I understand what you mean, but what if the properties of the "paint" are considered?

One more point to consider. The "paint" is supposed to work with microspheres containing vacuum. Still, one cubic meter weighs about 480 kg (1060 lbs). So there is actually very little vacuum inside and a lot of water/solvent. A vacuum insulation panel with the same thermal insulation performance weighs only around 180 kg (397 lbs) — meaning it contains multiple times the amount of insulating vacuum. How can the paint then have the same effect?

Maybe it’s due to the test setup with a thickness of 1 mm (0.04 inches)? That can also be a way to manipulate the calculation.
M
MartinR.
22 May 2024 10:34
Thank you, Cronos, for the illustration and calculation. However, I don’t seem to understand it. As I said, I’m not an expert.

1mm (0.04 inches) achieves 12% savings.

16cm (6.3 inches) of expanded polystyrene achieves 400% savings.

How do you arrive at this calculation? Or rather, how did you calculate it? What formula did you use? Again, I am not knowledgeable and am just trying to understand. So please explain it as if to a first grader, so I can understand how you reached the calculation, especially the 400% savings with expanded polystyrene.
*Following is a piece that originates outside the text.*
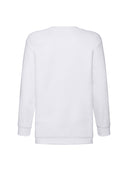 Felpa Bambino girocollo Classic 620410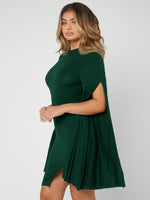 Trendy Plus Size Clothing Wholesale Vendors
On a different note, I researched vacuum-sealed glass microspheres, which are the main component of this paint, and at the same time I read that Hyundai and 3M are researching this to bring it to market this year as insulation for transporting hydrogen on ships.
The question, of course, is about the quantity and thickness involved.
It is conceivable that this could be uneconomical for homebuilders.
For now.
M
MartinR.
22 May 2024 10:42
Thank you for the comment. Good question, I will forward it and look forward to the manufacturer’s response.
I understand your doubts and partly share them, but I always wonder why so much effort is put in just to make money. Manufacturing halls, ordering microspheres from Kazakhstan, this and that.

Getting certificates issued (it’s not the wrong certificate but the correct one for the used product) — this certificate from ITB in the Czech Republic, which cooperates with the German TÜV, cost 3000€ because the client, a Polish railway company, required it.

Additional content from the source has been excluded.